James Hymms v. Commonwealth of Pennsylvania (WCAB); No. 909 C.D. 2021; filed Aug. 11, 2022; Judge Fizzano Cannon

Absent fraud, deception, duress, mutual mistake or unilateral mistake caused by the opposing party, a Compromise and Release Agreement cannot be set aside.

The claimant filed a claim petition pro se, alleging he sustained a work-related traumatic hearing loss. Eventually, and with the assistance of counsel, the claimant entered into a Compromise and Release Agreement settling his claim. The settlement hearing was held telephonically, where the claimant testified quite clearly regarding his understanding of the settlement. At the hearing, the workers’ compensation judge told the claimant that if the settlement was approved, his case was over and he could not come back if at some time in the future he believed he settled for too little money. The claimant responded by saying he still wanted to settle his case, and the C&R Agreement was approved.

The claimant then appealed the decision approving the C&R Agreement to the Workers’ Compensation Appeal Board. According to the claimant, the parties mutually made computational errors relative to the amount in hearing loss benefits he would be entitled to for his injury. The Board affirmed the judge’s approval of the settlement and dismissed the claimant’s appeal.

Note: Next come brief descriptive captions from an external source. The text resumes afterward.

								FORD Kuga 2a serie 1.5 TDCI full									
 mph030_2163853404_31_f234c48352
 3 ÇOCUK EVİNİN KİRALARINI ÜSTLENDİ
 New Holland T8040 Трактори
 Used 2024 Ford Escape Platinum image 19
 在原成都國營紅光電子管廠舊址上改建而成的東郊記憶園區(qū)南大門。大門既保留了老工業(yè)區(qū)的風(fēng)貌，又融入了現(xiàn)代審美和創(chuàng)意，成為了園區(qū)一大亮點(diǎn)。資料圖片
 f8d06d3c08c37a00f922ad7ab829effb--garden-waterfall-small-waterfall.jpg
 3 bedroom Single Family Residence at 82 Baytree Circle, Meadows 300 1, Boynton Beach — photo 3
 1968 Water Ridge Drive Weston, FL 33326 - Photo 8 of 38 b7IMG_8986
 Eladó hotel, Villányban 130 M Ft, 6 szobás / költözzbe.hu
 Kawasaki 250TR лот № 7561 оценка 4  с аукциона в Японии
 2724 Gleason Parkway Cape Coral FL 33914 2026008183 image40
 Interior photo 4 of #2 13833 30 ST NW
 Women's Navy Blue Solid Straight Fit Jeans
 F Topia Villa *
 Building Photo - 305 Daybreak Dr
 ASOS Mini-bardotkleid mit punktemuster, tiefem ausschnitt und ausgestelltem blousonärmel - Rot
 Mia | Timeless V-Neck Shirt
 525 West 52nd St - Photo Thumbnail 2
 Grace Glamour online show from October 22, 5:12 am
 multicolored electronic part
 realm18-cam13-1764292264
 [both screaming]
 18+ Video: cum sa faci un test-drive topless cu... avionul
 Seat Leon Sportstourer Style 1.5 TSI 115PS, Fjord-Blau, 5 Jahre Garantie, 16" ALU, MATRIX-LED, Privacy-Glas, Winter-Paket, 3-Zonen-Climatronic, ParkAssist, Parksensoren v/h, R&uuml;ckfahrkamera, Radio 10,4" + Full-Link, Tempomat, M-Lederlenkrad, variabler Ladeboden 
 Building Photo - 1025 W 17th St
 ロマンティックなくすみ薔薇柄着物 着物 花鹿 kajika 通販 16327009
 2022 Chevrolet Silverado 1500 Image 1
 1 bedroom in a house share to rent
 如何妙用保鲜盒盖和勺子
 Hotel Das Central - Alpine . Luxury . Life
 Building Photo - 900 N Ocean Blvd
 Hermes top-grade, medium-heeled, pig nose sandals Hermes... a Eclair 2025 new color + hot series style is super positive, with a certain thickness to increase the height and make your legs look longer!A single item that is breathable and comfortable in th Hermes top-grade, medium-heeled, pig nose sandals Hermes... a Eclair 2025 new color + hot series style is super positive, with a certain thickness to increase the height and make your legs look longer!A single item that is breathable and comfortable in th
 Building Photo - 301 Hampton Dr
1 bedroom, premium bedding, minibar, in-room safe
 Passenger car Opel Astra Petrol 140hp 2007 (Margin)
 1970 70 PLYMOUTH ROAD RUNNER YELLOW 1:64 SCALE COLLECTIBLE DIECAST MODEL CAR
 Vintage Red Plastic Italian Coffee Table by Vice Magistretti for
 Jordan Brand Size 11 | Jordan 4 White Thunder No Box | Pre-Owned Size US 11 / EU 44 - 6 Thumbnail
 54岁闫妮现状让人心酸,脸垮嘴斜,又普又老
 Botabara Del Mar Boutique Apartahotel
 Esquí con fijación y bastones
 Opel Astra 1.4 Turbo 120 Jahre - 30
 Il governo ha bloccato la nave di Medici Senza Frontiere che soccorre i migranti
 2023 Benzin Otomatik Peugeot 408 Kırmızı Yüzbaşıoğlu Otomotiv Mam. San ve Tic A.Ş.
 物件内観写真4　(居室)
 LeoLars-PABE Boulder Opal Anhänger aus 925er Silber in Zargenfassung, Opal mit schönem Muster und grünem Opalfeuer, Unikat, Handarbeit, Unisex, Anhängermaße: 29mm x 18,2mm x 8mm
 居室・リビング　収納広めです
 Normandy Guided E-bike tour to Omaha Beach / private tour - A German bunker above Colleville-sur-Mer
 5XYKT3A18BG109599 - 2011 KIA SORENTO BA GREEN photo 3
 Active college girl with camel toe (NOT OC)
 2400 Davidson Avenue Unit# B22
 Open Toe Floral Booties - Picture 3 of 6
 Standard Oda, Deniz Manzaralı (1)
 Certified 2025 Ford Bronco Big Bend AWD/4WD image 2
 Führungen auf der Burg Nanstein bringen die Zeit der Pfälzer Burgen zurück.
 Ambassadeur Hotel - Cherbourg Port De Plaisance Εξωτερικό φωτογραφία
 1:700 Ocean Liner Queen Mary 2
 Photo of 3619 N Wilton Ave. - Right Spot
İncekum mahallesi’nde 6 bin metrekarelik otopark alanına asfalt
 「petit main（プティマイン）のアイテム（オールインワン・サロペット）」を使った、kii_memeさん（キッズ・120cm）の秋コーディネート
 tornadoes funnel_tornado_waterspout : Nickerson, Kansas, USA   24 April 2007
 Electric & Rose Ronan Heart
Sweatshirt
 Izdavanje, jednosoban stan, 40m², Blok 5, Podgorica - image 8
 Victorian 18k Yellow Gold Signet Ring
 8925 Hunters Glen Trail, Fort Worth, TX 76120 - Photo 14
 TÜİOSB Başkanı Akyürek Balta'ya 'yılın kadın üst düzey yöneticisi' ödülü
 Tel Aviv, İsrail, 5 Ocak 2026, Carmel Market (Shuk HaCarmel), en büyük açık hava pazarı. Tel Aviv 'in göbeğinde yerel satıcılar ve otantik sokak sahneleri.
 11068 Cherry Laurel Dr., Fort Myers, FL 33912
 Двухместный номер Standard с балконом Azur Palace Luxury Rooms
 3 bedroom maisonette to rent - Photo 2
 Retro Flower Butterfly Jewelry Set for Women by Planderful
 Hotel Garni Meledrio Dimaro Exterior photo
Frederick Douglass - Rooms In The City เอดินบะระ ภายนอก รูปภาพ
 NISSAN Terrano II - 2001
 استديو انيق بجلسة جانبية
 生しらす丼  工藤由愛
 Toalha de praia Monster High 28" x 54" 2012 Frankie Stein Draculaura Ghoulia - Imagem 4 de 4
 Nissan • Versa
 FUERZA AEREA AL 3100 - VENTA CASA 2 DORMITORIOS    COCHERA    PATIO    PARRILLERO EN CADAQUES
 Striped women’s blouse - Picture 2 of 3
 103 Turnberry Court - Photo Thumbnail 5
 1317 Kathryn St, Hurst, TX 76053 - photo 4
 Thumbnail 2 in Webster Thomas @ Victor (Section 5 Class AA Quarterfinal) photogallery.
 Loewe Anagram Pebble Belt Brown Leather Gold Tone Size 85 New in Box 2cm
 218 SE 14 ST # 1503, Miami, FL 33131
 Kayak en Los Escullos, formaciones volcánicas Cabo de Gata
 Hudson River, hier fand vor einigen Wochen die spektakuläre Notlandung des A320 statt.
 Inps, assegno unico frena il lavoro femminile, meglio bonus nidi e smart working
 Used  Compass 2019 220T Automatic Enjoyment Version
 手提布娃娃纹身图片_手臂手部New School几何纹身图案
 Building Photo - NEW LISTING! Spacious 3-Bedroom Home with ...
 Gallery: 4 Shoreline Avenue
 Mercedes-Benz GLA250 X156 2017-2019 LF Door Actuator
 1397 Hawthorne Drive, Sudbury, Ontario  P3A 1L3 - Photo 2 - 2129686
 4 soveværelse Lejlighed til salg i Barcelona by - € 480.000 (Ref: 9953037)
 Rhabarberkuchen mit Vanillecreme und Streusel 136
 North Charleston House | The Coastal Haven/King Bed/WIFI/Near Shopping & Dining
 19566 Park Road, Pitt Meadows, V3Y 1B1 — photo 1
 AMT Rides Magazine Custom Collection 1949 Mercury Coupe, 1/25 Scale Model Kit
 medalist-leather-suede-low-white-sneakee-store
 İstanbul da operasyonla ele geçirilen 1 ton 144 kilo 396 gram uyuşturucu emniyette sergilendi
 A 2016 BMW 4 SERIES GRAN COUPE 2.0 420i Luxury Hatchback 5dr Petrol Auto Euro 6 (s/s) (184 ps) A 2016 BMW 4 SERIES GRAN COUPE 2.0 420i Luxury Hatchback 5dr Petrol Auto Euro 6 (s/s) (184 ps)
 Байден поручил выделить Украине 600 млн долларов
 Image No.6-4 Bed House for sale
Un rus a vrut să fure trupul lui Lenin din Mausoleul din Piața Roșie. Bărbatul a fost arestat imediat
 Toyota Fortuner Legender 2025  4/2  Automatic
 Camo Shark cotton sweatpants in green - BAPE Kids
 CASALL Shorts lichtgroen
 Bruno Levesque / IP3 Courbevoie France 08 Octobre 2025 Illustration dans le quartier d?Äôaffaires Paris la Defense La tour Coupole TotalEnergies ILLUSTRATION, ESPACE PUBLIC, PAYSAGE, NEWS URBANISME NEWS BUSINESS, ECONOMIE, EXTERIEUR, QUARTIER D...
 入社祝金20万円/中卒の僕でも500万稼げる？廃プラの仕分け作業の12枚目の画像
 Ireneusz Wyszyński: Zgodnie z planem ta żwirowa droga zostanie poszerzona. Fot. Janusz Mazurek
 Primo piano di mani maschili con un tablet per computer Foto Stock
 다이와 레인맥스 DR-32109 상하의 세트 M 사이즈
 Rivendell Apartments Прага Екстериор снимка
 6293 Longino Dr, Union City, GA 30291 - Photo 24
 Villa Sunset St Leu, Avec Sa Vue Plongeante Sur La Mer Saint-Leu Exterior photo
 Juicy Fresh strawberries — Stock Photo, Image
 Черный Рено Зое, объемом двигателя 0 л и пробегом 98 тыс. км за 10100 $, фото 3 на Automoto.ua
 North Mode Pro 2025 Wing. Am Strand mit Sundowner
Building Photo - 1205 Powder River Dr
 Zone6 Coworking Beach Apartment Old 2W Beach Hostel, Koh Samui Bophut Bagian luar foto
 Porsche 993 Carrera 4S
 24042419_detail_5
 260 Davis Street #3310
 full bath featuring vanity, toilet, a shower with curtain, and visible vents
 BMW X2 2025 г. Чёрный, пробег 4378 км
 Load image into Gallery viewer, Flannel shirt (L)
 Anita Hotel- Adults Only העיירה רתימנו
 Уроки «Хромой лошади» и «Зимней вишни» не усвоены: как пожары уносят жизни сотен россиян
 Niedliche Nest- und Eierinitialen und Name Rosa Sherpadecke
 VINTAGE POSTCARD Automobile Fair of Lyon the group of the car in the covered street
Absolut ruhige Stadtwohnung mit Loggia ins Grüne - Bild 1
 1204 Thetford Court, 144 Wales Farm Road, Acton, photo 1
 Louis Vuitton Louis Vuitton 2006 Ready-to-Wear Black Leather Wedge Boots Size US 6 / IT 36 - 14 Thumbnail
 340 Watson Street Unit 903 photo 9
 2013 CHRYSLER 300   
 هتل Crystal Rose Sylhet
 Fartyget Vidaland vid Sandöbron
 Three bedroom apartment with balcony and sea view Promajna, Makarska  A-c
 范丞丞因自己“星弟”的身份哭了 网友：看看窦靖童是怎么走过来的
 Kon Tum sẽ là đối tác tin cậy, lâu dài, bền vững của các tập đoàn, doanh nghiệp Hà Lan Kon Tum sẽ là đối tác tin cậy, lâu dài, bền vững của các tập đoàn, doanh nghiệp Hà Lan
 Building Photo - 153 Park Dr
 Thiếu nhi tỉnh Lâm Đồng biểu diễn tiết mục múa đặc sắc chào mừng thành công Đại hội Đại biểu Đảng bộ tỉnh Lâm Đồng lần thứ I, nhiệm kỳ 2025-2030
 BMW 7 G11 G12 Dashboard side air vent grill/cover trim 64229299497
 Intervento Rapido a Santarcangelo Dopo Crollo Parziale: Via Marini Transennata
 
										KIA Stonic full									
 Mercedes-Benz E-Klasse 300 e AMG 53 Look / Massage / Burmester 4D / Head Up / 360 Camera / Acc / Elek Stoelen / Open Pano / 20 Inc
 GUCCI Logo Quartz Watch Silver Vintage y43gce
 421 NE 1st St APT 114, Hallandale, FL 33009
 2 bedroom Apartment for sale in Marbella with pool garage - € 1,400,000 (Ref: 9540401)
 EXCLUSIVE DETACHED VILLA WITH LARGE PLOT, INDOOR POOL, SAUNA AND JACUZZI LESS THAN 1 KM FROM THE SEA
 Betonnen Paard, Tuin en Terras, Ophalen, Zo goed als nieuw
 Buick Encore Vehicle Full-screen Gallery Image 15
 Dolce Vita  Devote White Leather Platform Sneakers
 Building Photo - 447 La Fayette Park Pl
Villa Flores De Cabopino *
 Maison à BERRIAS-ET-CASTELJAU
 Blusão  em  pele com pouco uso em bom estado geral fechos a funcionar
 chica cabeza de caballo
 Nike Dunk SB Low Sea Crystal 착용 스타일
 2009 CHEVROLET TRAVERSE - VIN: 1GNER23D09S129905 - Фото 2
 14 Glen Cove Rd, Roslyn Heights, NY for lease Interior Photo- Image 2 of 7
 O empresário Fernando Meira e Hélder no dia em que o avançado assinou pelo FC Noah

The claimant appealed to the Commonwealth Court, which also dismissed the claimant’s appeal. They rejected the claimant’s contention that there was “total agreement” between the parties regarding the claimant’s specialist’s evaluation of hearing loss percentages and that the lump sum was to be based on those percentages, in accordance with the formulas set forth in Section 306(c)(a)(ii) of the Act. The court noted that the C&R Agreement, the claimant’s testimony, and the evidentiary record was devoid of any indication that the parties agreed to utilize a formula calculating the lump sum payment or that the employer was even aware of such an agreement.